Take care my friend and thanks for sharing!
Otis Guillebeau from Auburn, Georgia


----------



## Stick486 (Jan 4, 2013)

@BernieW....

you need to change the word Fair in your title...
it is so misleading...


----------



## BernieW (Sep 12, 2006)

Thanks again to all. 

Otis my eyes are doing well. I am absolutely amazed. I don't wear glasses anymore except reading glasses for very small print like on bottles or when I work on clocks/watches which have some very fine/small parts. I can work on my computer, read the newspaper, doing woodworking, etc. The Doctor told me I was lucky because most people need reading glasses for computers or newspapers. I am happy and thank the Good Lord gave me a second chance at seeing as well as I do.

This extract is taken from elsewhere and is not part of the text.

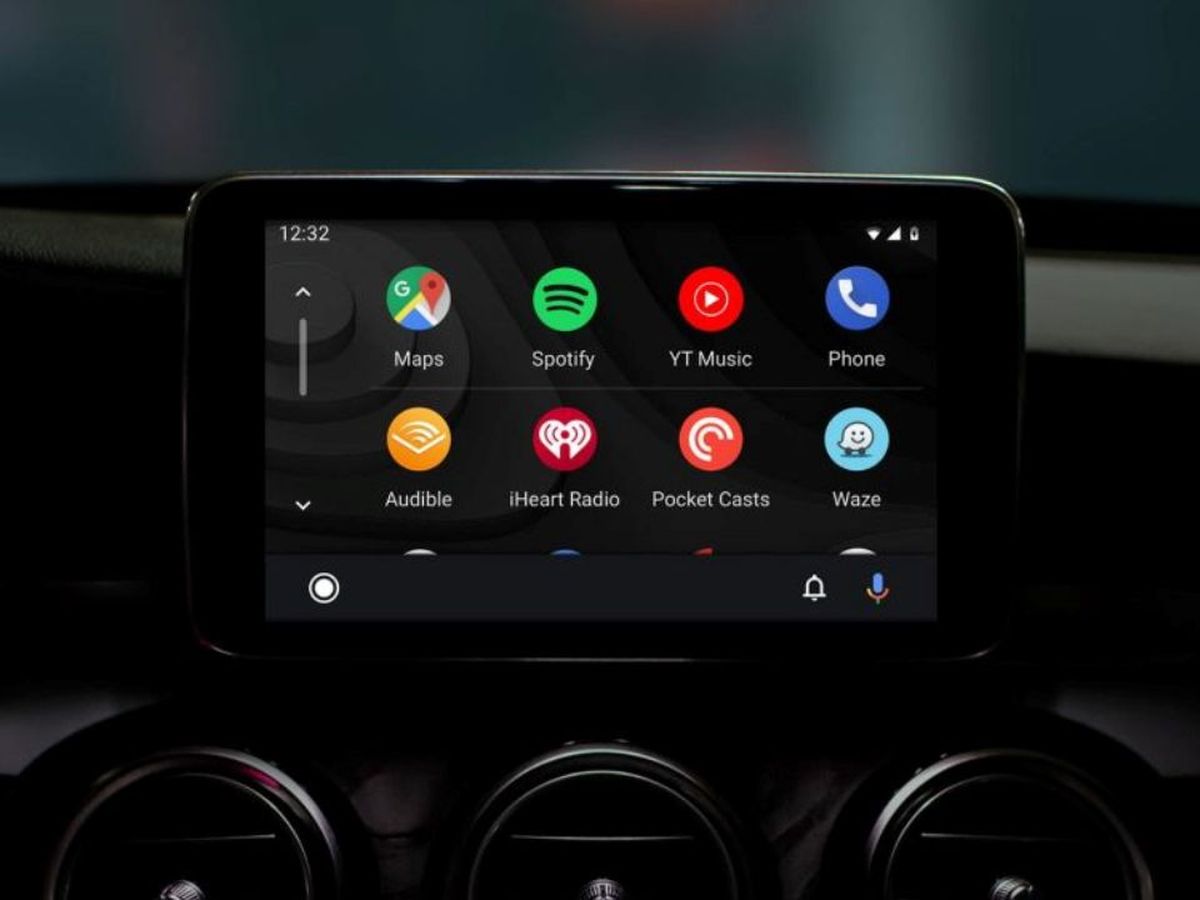 Esta radio 2 DIN con Android Auto es sorprendentemente barata:  la ha  rebajado a sólo 112 euros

Stick I changed the word fair. It was actually the Sherman County 4-H fair and I entered into the open class so we don't compete with the 4-H kids. I think there was about 38 to 40 entries in the open class.


----------



## Stick486 (Jan 4, 2013)

BernieW said:


> Stick I changed the word fair. It was actually the Sherman County 4-H fair and I entered into the open class so we don't compete with the 4-H kids. I think there was about 38 to 40 entries in the open class.


1st impression for Fair turnings was level of craftsmanship...
and here I see a better/higher level of best.....


----------



## Herb Stoops (Aug 28, 2012)

Cherryville Chuck said:


> Congratulations Bernie. A well deserved honor.


+1 to what Charles said.
Herb


----------



## Mike (Nov 22, 2004)

Thanks for the tip Bernie, I think I am going to have to order some.


----------



## MEBCWD (Jan 14, 2012)

Bernie,

Great job as always. I'll have to try the EM6000 water based lacquer.

Glad you are enjoying being able to see again.


----------



## Multiwood (Feb 24, 2013)

Good thing you listened to your Grandson Bernie. Very Nice!!


----------



## BernieW (Sep 12, 2006)

Thanks again to all.


----------



## papasombre (Sep 22, 2011)

Good for you, Bernie. and for your grandson, too.


----------



## BernieW (Sep 12, 2006)

Thanks Alexis.


----------